» **Task requirements**: Print, exactly as they appear in the listing below, the lines from the line with "Elegant and sculptural" to the line with "carpeted spare room", with both end lines kept.

» **Data to process**:
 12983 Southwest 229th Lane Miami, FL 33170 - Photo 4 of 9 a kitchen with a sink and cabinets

---

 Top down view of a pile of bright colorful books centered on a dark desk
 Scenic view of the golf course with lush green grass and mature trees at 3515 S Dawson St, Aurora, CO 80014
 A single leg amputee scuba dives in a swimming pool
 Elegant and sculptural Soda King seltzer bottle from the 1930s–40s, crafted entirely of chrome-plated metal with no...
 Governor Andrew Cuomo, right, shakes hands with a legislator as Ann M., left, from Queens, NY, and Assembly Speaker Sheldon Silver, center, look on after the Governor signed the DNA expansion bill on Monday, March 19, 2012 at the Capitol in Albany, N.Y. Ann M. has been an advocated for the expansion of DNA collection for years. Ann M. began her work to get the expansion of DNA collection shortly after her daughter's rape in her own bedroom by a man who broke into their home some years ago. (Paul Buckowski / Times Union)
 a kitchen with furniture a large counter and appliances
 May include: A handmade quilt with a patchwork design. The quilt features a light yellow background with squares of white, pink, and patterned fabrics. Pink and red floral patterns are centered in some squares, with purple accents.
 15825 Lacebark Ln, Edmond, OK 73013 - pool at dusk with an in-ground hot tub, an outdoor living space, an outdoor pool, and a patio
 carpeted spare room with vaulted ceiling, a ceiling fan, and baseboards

--

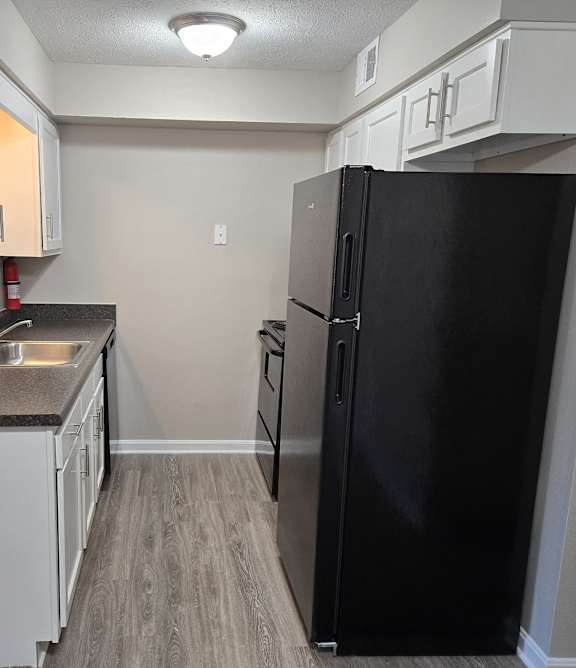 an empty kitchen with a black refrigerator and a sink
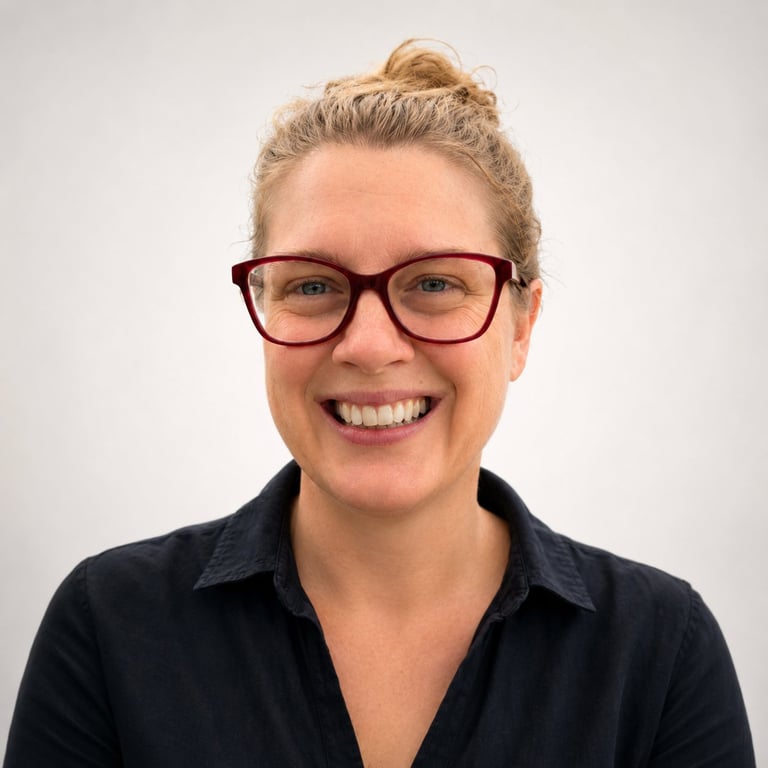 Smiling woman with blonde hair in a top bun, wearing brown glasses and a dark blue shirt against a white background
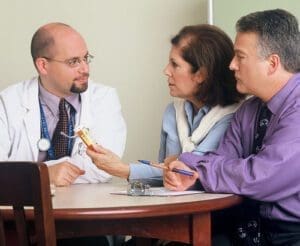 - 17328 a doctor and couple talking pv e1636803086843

» **Finished exercise**:
 Elegant and sculptural Soda King seltzer bottle from the 1930s–40s, crafted entirely of chrome-plated metal with no...
 Governor Andrew Cuomo, right, shakes hands with a legislator as Ann M., left, from Queens, NY, and Assembly Speaker Sheldon Silver, center, look on after the Governor signed the DNA expansion bill on Monday, March 19, 2012 at the Capitol in Albany, N.Y. Ann M. has been an advocated for the expansion of DNA collection for years. Ann M. began her work to get the expansion of DNA collection shortly after her daughter's rape in her own bedroom by a man who broke into their home some years ago. (Paul Buckowski / Times Union)
 a kitchen with furniture a large counter and appliances
 May include: A handmade quilt with a patchwork design. The quilt features a light yellow background with squares of white, pink, and patterned fabrics. Pink and red floral patterns are centered in some squares, with purple accents.
 15825 Lacebark Ln, Edmond, OK 73013 - pool at dusk with an in-ground hot tub, an outdoor living space, an outdoor pool, and a patio
 carpeted spare room with vaulted ceiling, a ceiling fan, and baseboards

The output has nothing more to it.